## Work to be completed
Give every line of the data again, unchanged, but with no pictures.
_ _ _ _ _ _ _
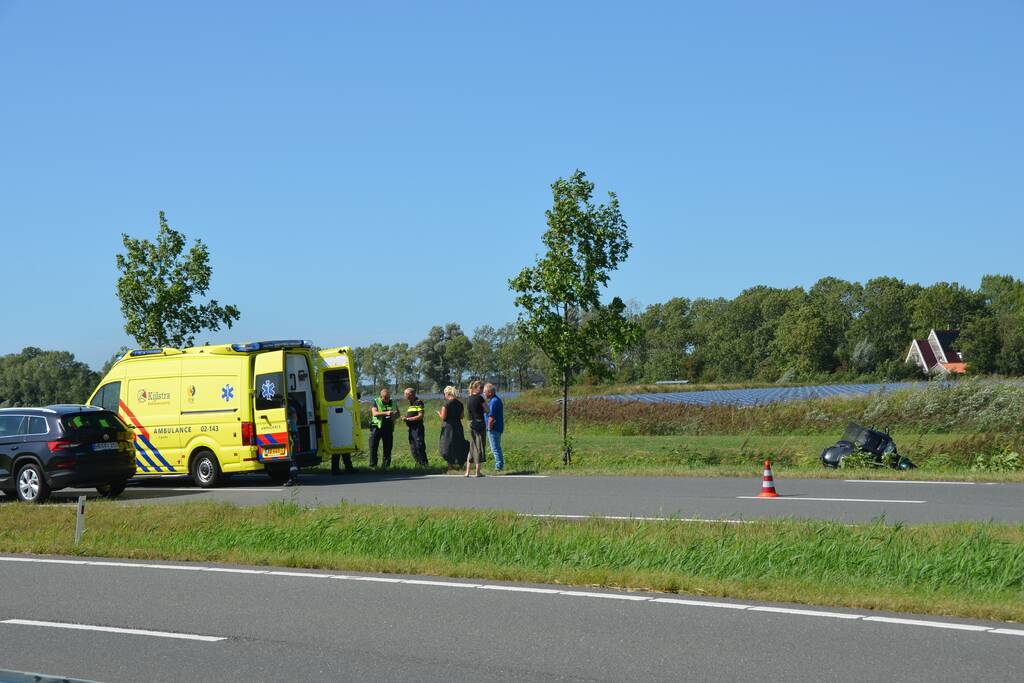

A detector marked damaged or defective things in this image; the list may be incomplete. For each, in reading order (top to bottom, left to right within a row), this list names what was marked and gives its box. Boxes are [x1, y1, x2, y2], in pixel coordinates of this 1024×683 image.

crashed motorcycle [820, 422, 916, 470]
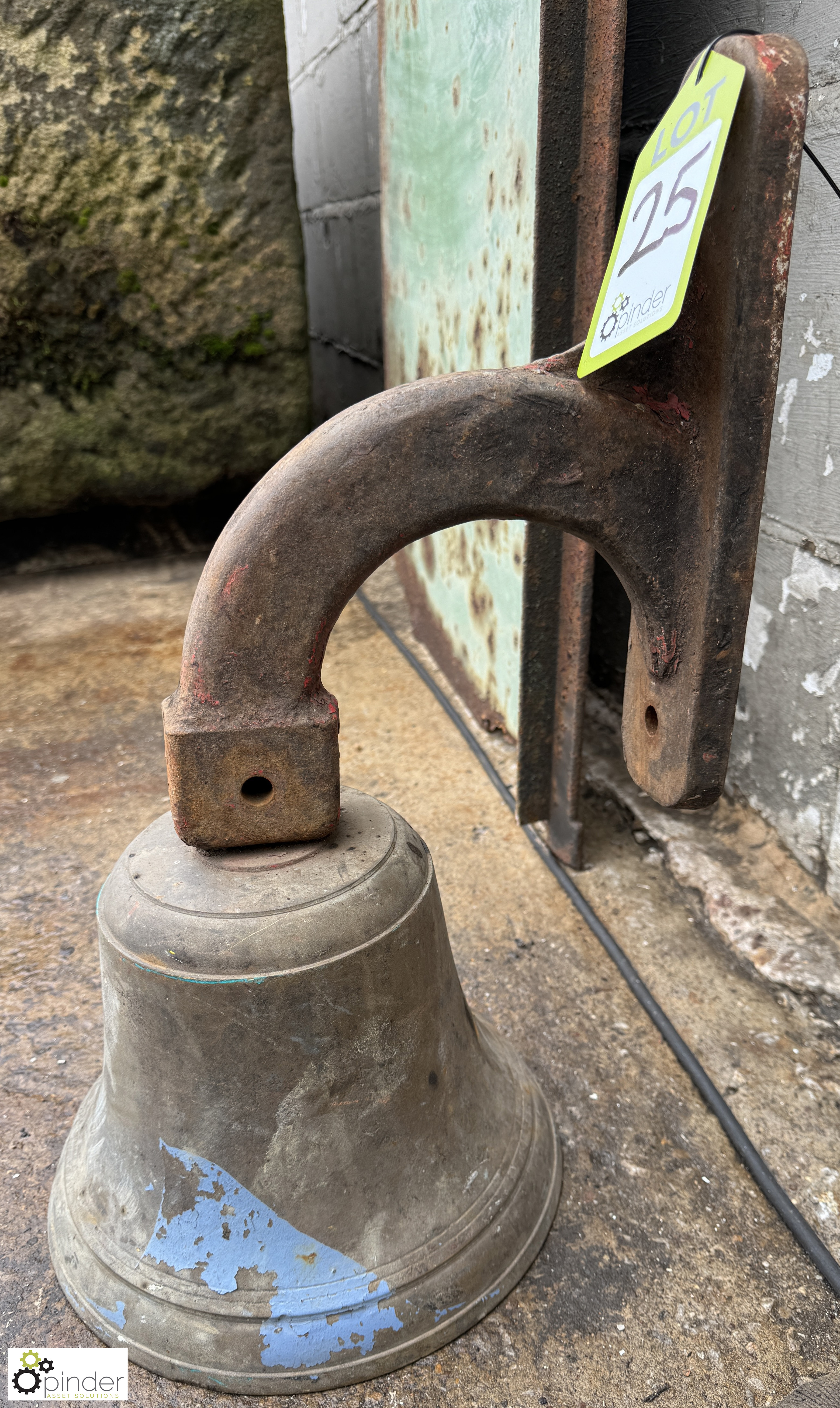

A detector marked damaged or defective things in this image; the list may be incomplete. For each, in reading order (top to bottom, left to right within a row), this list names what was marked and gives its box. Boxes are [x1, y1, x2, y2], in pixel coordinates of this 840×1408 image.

rusty metal frame [157, 30, 805, 845]
rusty metal frame [515, 0, 625, 867]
_ _ _ _ _ _ _
## Answer section
A detector marked damaged or defective things in this image; the list may be incomplete. For each, in reading order (top to bottom, left to right within a row), this list names what was marked and gives its box. Boxes are [x1, y1, x2, y2], in pixel coordinates of this 1024×683 image.

crashed motorcycle [820, 422, 916, 470]

A detector marked damaged or defective things in this image; the list may be incomplete. For each, in reading order (top to bottom, left to right within a row), this list names what was marked and gives its box. Boxes are [x1, y1, x2, y2], in pixel coordinates of this 840×1408 image.

rusty metal frame [157, 30, 805, 845]
rusty metal frame [515, 0, 625, 867]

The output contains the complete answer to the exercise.